» **What is being asked**: With pictures left out, output exactly the lines of the listing below from the line that has "El salmón del" to the line that has "Юлия Витязева: На", both lines kept.

» **Source material**:
========================================================================
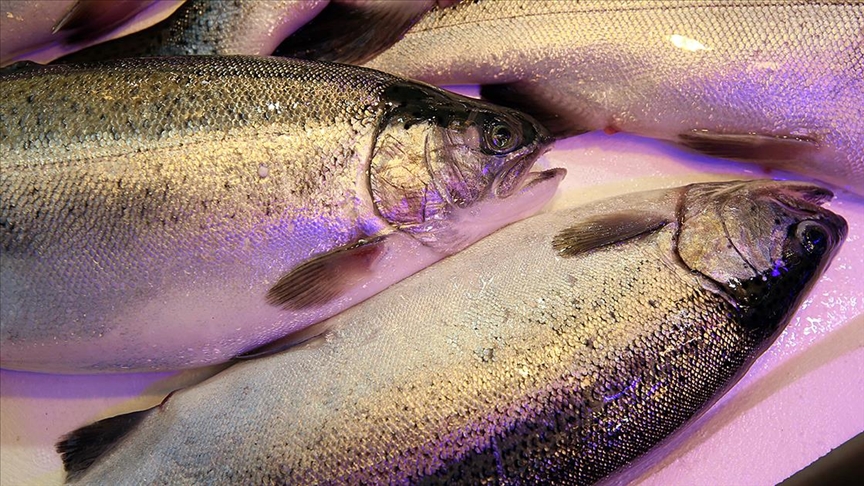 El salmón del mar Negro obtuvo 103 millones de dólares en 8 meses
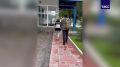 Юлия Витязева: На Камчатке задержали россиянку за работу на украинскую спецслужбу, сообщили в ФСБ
========================================================================
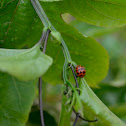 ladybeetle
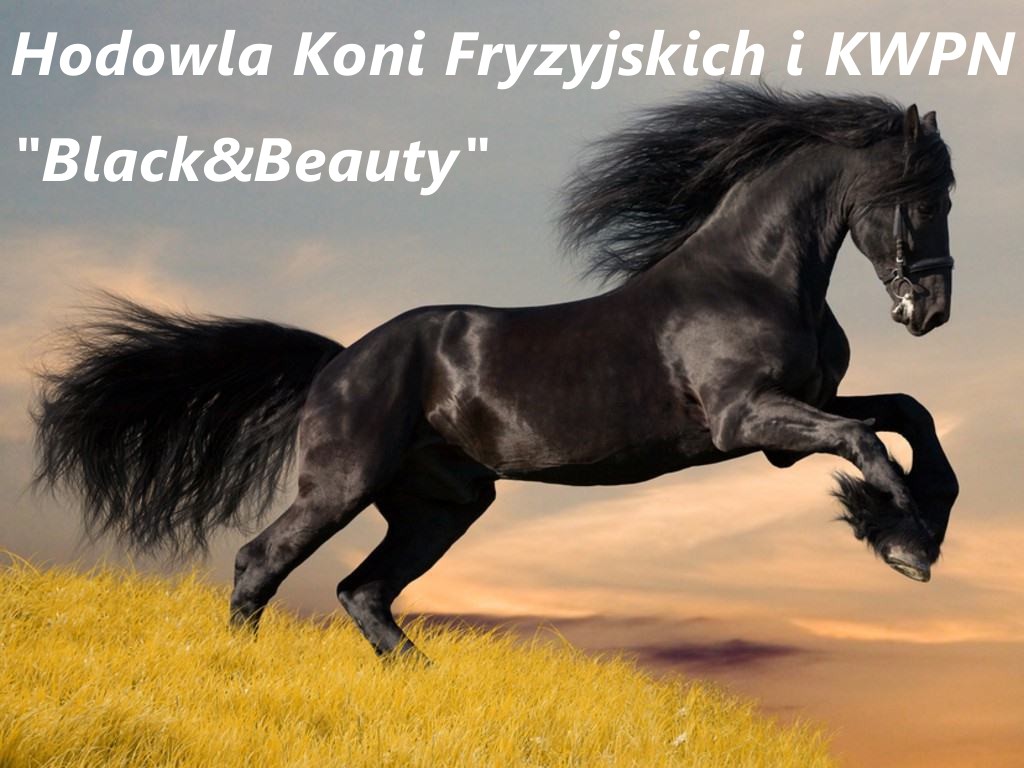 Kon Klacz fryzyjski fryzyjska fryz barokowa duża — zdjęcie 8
========================================================================
» **Result of this exercise**:
 El salmón del mar Negro obtuvo 103 millones de dólares en 8 meses
 Юлия Витязева: На Камчатке задержали россиянку за работу на украинскую спецслужбу, сообщили в ФСБ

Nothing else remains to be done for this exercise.